The idea that the Earth is hollow is a persistent one which pops up occasionally in cultures throughout history. The belief itself is simple: that our planet is not a solid sphere filled with molten rock, but is in fact more like a tennis ball: a hollow sphere with lots of space inside.

In most telling, the center of the Earth contains another sun which floats in the middle, bringing light and warmth to the inner Earth. (This sun is a key element, obviously, because otherwise how would all the plants grow? DUH.)

Needless to say, a basic understanding of physics and gravity is enough to dispel any lingering thoughts that our planet might be hollow. But many people don't let the facts get in the way of their beliefs.

Hitler may have believed in a hollow Earth. (Let's face it - it's less crazy than some of the other stuff he believed.) Nazi Admiral Donitz once gave a speech which seemed to indicate that Hitler was sending submarines out to the seas beneath the polar ice caps to look for the entrance.

The hollow Earth naturally must be accessible somehow, or else where's the fun? Most people seem to believe that there are openings at the poles of various sizes. In the days before satellite imagery, a lot of people believed that the holes were very large - thousands of feet across. One noted hollow Earth scholar proposed that many Ice Age species didn't go extinct - they just wandered into the holes and never came out.

These days most people believe that they are small, or hidden somehow, whether beneath the ice or in another dimension. Others, that entrance can be gained by climbing down through a dormant volcano, or by becoming an ascended master able to travel through the various trans-dminensional planes.

There is a long-standing theory among certain UFO camps that UFOs do not in fact come from outer space, but are instead being built and deployed from within the hollow Earth. They cannot be said to be piloted by aliens, then, but they are almost certainly not being piloted by other humans. (But surely a parallel civilization which evolved inside our planet could be considered "alien"?)

These beliefs often cite Agartha, the dominant society within the hollow Earth. Its capital city is Shambhalla, and its residents may be a superior race which arose on Earth millions of years ago but took refuge inside our planet for various reasons. Some say they were driven underground by ancient wars (such as the war between Atlantis and Lemuria).
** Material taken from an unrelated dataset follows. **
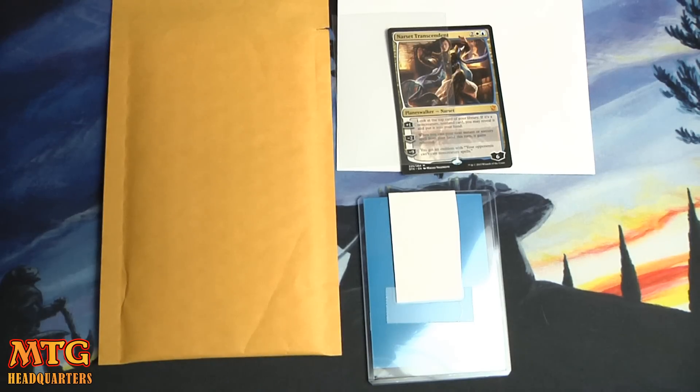What's up everyone, Jeremy here from MTG Headquarters. I'm going to do a little tutorial-type video. A lot of people are asking, especially now that I'm on Puka Trade — link will be in the description below — how do they ship international? A lot of people are really worked up about sending internationally.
Others believe that they are hiding from a hostile force, or simply that they found our sun's rays damaging.

One notable branch of hollow Earth theory states that Mount Shasta in California is itself hollow, and is in fact a giant mountain-shaped civilization all on its own. Inside Mount Shasta you can allegedly find the Agarthean city of Telos, which believers have described and fleshed out in a surprisingly intricate fashion over the years.